Taste in music is subjective, I know. But if you’re like me and appreciate jazz, you’ll love this new book by William Edgar. Even if you don’t yet appreciate jazz and you’re musically curious and open-minded, this book could open up some new horizons. A Supreme Love is not only a great introduction to the history and aesthetic of jazz, it also explores the connections between jazz and the Christian faith.
I doubt anyone is better suited to write a book like this than William Edgar. He is professor of apologetics at Westminster Theological Seminary in Philadelphia and an ordained minister in the Presbyterian Church in America. He’s also a jazz pianist and composer. He’s lectured on African-American aesthetics and the history of jazz.
A Supreme Love traces the background of jazz in the African-American experience. In Part 1, Edgar skilfully summarizes the tragedy of slavery and how it led to the development of various musical themes and genres. Part 2 explores the “background genres” of folk, spirituals, gospel, and blues. Part 3 gets into the origins of jazz itself. Edgar notes: “The traditional view is that jazz was born in the red-light district (Storyville) and much of it in brothels.
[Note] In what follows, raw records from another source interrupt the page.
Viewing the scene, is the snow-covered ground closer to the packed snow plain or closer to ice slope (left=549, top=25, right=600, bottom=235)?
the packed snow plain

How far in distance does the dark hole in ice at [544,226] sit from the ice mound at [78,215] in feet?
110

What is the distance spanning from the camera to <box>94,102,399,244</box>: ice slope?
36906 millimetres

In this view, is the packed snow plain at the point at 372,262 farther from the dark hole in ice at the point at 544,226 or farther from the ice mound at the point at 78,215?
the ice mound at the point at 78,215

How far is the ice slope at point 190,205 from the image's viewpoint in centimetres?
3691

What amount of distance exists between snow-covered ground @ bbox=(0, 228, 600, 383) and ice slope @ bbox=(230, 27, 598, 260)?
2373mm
Yet more recent research calls this account into question” (p.108). Regardless of its origins, there’s no question that today jazz is as much “art music” as is classical. Part 3 reveals how jazz divided into other sub-genres such as bebop and cool.
There’s one linking thought through all these chapters and it’s how jazz “owes a great deal to a Christian worldview…” (p.2). Edgar isn’t arguing that jazz is “Christian” music, but that you can’t appreciate it fully without understanding its Christian roots. Like the salvation story embedded in the Christian worldview, “the jazz aesthetic moves from deep misery to inextinguishable joy” (p.19). Edgar argues, and he makes a good case, that “There is something about the music itself that is profoundly connected to the truths about life and the truth found in the Christian message” (p.168).
To get the maximum benefit from A Supreme Love, you’ll need to read it alongside YouTube on your TV or device. One of its features is the mention in the footnotes of many musical pieces that can be found online. This helped introduce me to some great works that I’ve never before encountered, including a beautiful mass by Dave Brubeck entitled To Hope. Check it out:
The appendix provides even more listening suggestions.
Edgar is both a practitioner and aficionado and his enthusiasm is contagious. There is one instance where I think his enthusiasm leads to possible overstatement. In chapter 12, he states that jazz was possibly “an important contributor to the fall of communism in 1989.” I’ve heard of pop music playing that role, but not jazz. Unfortunately, there’s no footnote or other substantiation to support this claim.
Sadly, so much contemporary popular music is superficial, not to mention vapid, puerile, and obscene. Jazz has always been a refreshingly different genre, and it still is today. If you want to understand it from within a Christian worldview, read Edgar’s A Supreme Love. And if you don’t appreciate jazz already, maybe he’ll put you on to it.